- _WORK INSTRUCTION_
Omit all pictures, and print word for word only the lines from the one containing "dining space featuring" through the end of the data.

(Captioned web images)

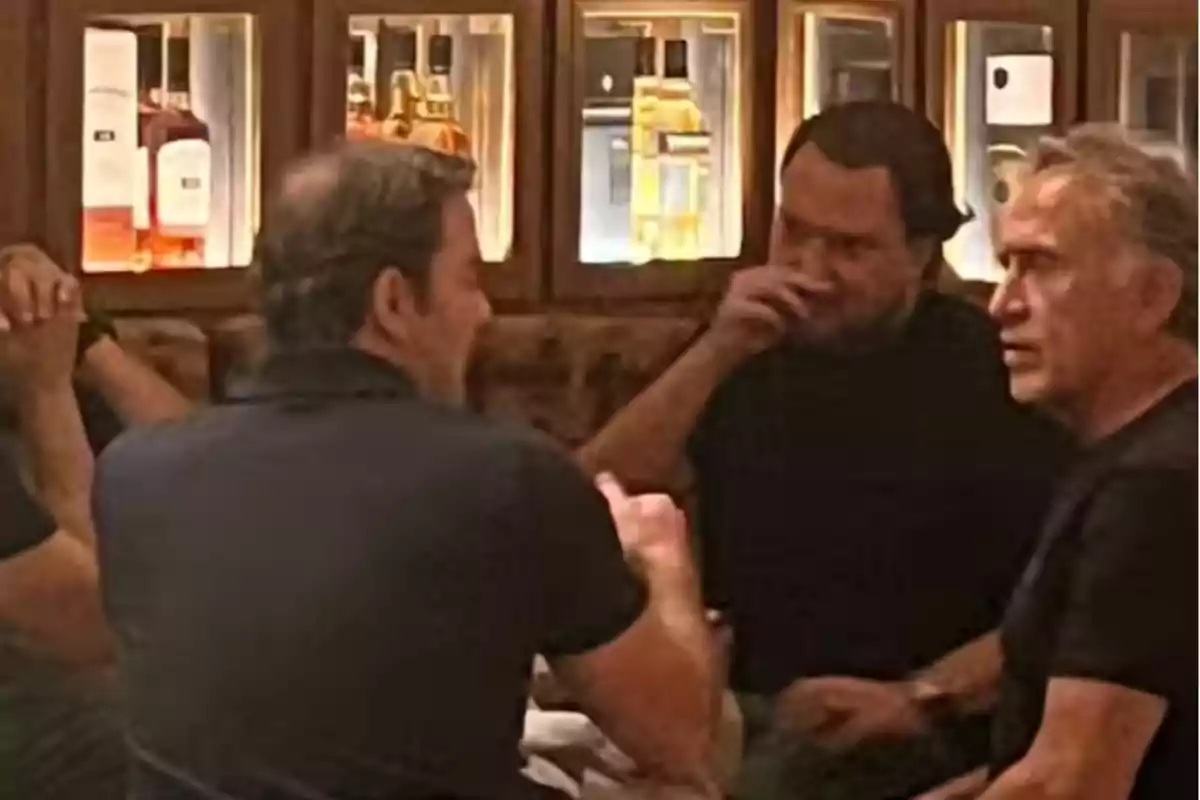 Cuatro hombres conversan sentados alrededor de una mesa en un bar con botellas iluminadas en el fondo Cuatro hombres conversan sentados alrededor de una mesa en un bar con botellas iluminadas en el fondo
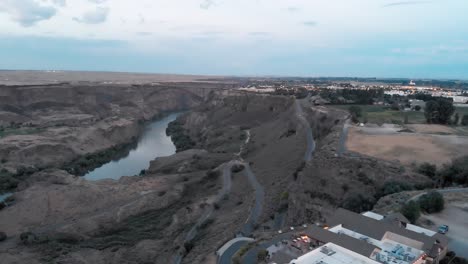 slow aerial panoramic view of the snake river canyon in twin falls, idaho at dusk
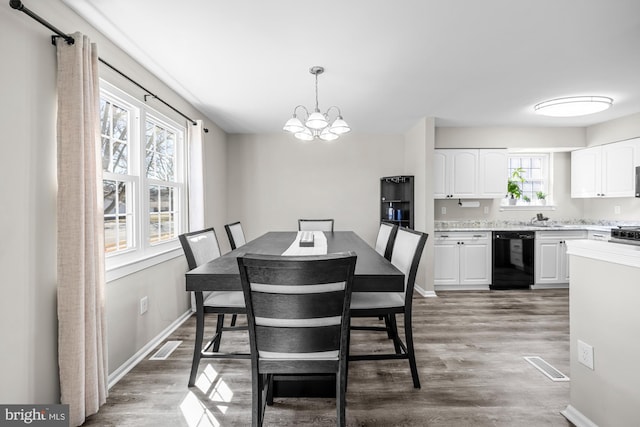 dining space featuring a chandelier, visible vents, baseboards, and wood finished floors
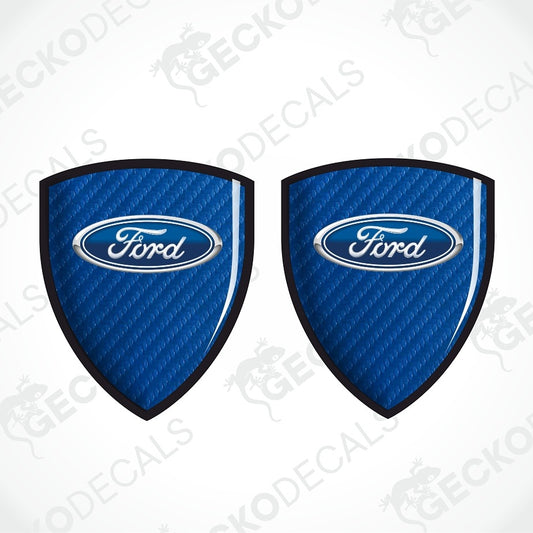 Two blue Ford shield-shaped decal stickers with a carbon fiber texture and the classic Ford oval logo in the center, displayed on a white background with diagonal watermarks.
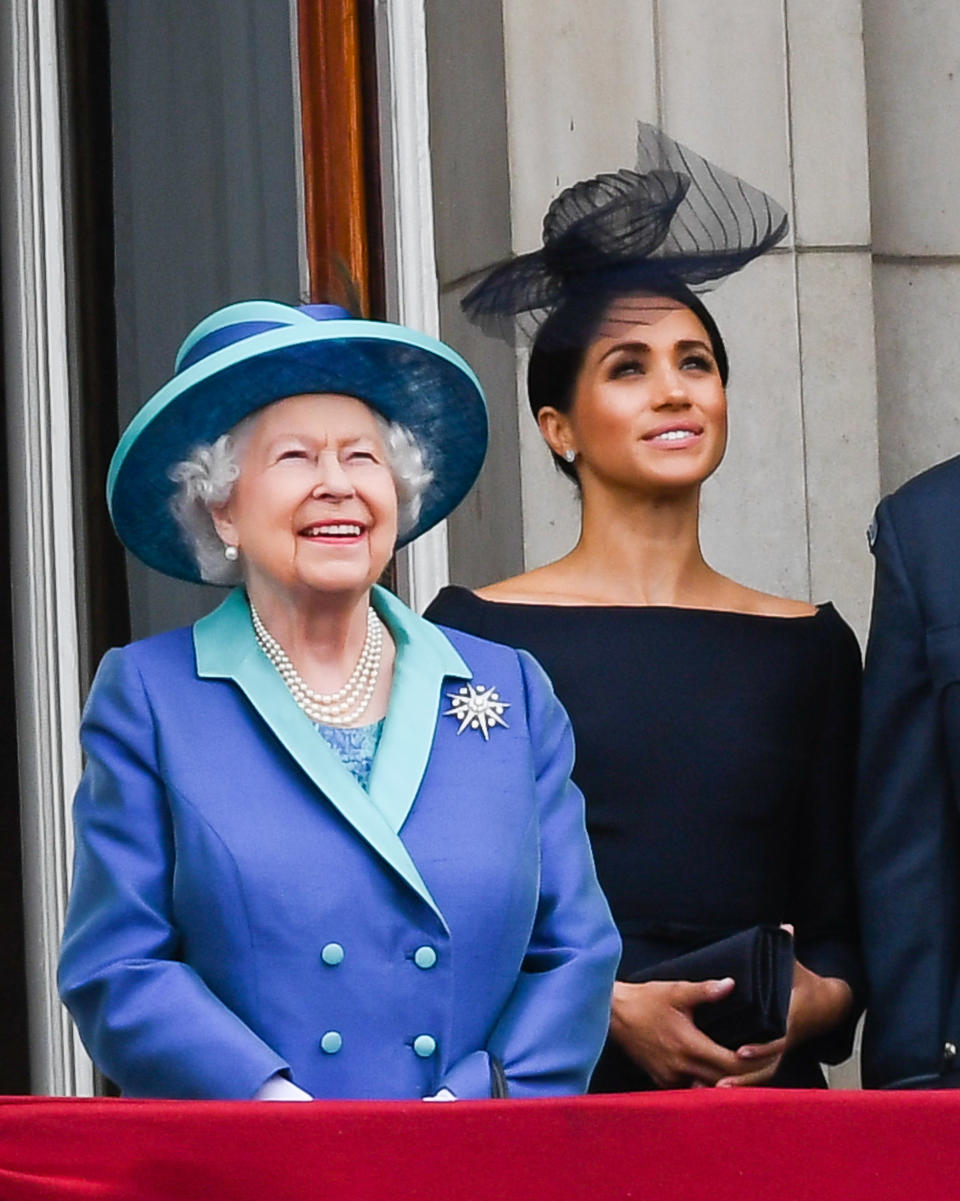 LONDON,  UNITED KINGDOM - JULY 1O:  Queen Elizabeth ll and Meghan, Duchess of Sussex stand on the balcony of Buckingham Palace to view a flypast to mark the centenary of the Royal Air Force (RAF)  on July 10, 2018 in London, England. (Photo by Anwar Hussein/WireImage)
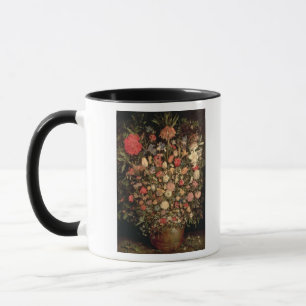 Large bouquet of flowers in a wooden tub mug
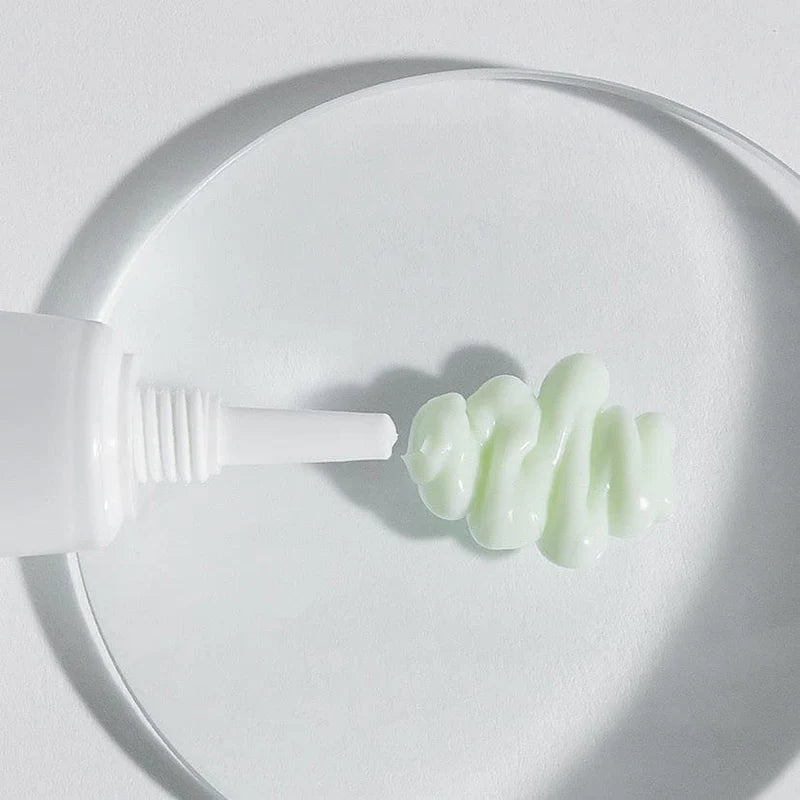 Close-up of a white plastic tool with a green substance on a white background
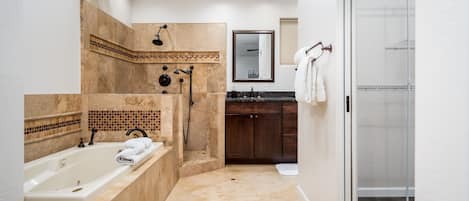 Combined shower/bathtub, hair dryer, towels, soap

- _RESPONSE TO THIS EXERCISE_
 dining space featuring a chandelier, visible vents, baseboards, and wood finished floors
 Two blue Ford shield-shaped decal stickers with a carbon fiber texture and the classic Ford oval logo in the center, displayed on a white background with diagonal watermarks.
 LONDON,  UNITED KINGDOM - JULY 1O:  Queen Elizabeth ll and Meghan, Duchess of Sussex stand on the balcony of Buckingham Palace to view a flypast to mark the centenary of the Royal Air Force (RAF)  on July 10, 2018 in London, England. (Photo by Anwar Hussein/WireImage)
 Large bouquet of flowers in a wooden tub mug
 Close-up of a white plastic tool with a green substance on a white background
 Combined shower/bathtub, hair dryer, towels, soap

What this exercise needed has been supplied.